**** Supplied material

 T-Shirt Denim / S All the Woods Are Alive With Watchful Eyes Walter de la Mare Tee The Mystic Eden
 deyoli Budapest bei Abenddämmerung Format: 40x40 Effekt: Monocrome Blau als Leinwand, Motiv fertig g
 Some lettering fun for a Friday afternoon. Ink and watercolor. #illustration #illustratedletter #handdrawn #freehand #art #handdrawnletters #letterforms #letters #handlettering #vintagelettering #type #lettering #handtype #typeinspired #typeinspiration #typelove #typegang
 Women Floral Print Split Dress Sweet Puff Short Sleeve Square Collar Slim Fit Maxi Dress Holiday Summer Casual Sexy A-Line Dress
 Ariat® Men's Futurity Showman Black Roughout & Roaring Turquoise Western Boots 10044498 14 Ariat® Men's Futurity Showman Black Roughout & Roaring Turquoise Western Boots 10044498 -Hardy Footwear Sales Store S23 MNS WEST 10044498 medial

********

• [Work order] A word-for-word copy of all the entries is required.

• [Reply to the exercise]
 T-Shirt Denim / S All the Woods Are Alive With Watchful Eyes Walter de la Mare Tee The Mystic Eden
 deyoli Budapest bei Abenddämmerung Format: 40x40 Effekt: Monocrome Blau als Leinwand, Motiv fertig g
 Some lettering fun for a Friday afternoon. Ink and watercolor. #illustration #illustratedletter #handdrawn #freehand #art #handdrawnletters #letterforms #letters #handlettering #vintagelettering #type #lettering #handtype #typeinspired #typeinspiration #typelove #typegang
 Women Floral Print Split Dress Sweet Puff Short Sleeve Square Collar Slim Fit Maxi Dress Holiday Summer Casual Sexy A-Line Dress
 Ariat® Men's Futurity Showman Black Roughout & Roaring Turquoise Western Boots 10044498 14 Ariat® Men's Futurity Showman Black Roughout & Roaring Turquoise Western Boots 10044498 -Hardy Footwear Sales Store S23 MNS WEST 10044498 medial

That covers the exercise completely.